When 22, Lincoln strode into New Salem, Illinois, in 1831, “penniless” and “friendless,” as he later wrote.  Yet he soon attracted eager backing.  William Lee Miller, in his book Lincoln’s Virtues (pp. 24-25), gives a nice summary of all the “boosts and helps and open doors and befriendings” that launched Lincoln on his path to public renown. 

After a decade in Illinois, having just been crowned by the Quincy Whig as “one of the ablest” self-made men in the state, Lincoln gave an address in Springfield that spelled out the social underpinnings of self-making.  Speaking to the Washingtonian Society, a temperance group, on Washington’s Birthday 1842, he urged all citizens to join the Society by signing its pledge to abstain from spirits. 

Those struggling to escape the lure of liquor, said Lincoln, couldn’t be expected to make their way unassisted.  They needed the active support of a united community, including people like himself who’d never been tempted by drink.  Lincoln took no credit for his own sobriety, attributing it to luck rather than self-discipline.  “Such of us as have never fallen victims [sic] have been spared more from the absence of appetite, than from any mental or moral superiority over those who have.” 

And he extended his point beyond the issue of alcohol.  Everyone, even the morally proficient, had learned self-control by taking their cues from “other people’s actions.”  Everybody absorbed community norms by letting the influence of respected models seep into them.  Self-making amounted to a social achievement, not just an individual one. 

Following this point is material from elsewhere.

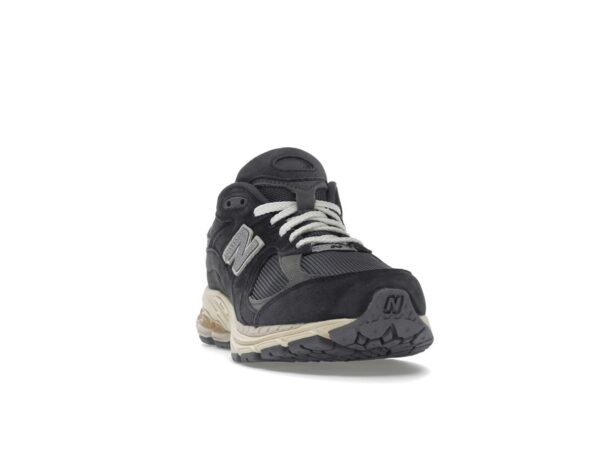 Zapatillas New Balance 2002R Negro Gris Oscuro M2002RHO para Hombre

True, Lincoln always held, as he told a small group of free black men whom he invited to the White House 20 years later, that “success does not as much depend on external help as on self-reliance.”  His own experience taught him that relentless resolve lay behind the push for personal advancement.   

But those starting out with limited means — whether freed slaves or penniless migrants — would likely need some “external help.”  Without self-discipline they would surely fail; yet without the moral example and material help of others, self-discipline would languish like seed on rocky ground.

When Lincoln departed from Springfield as president-elect in 1861, he uttered his famous farewell remarks.  Once again, as in the 1842 temperance speech, he underlined the social foundations of self-making.  Speaking from the rear platform of his train on the day before his 52nd birthday, he thanked his Springfield neighbors for making him into the “old man” he’d become.

“To you, dear friends,” he said in one version of his remarks, “I owe all that I have, all that I am.”  “To this place and the kindness of these people,” he says in another version, “I owe every thing.”

A third version, which appeared in the east-coast press on February 12, 1861, has him saying “to this people I owe all that I am.”  That’s the phrasing put on this late-1860s pocket-sized card, which mistakenly gives the date of publication — his birthday — as the date of delivery.

 Of course, after his death Lincoln couldn’t offer any more correctives to the notion that he’d risen without help.  Americans preferred to cherish him post-mortem as the paragon of self-containment, the brooding genius with the generous heart and steely will.

Another famous self-made man, Frederick Douglass, left one of many testimonials to Lincoln’s unassisted mastery in constructing himself.  Writing a year after the president’s assassination, he praised Lincoln as so self-sufficient, so original, that he had reinvented even the process of self-creation.

“One great charm of his life,” wrote Douglass, “is that he was indebted to himself for himself.  He was the architect of his own fortune, a self-made man, a flat boat captain, a splitter of rails, a man of toil, one who travelled far but made the road on which he traveled — one who ascended high, but with hard hands and honest work built the ladder on which he climbed.  Flung upon the sea of life in the midnight storm, without oars or life preservers he bravely buffeted the billows — and with sinewy arms swam in safety, where other men despair and sink.”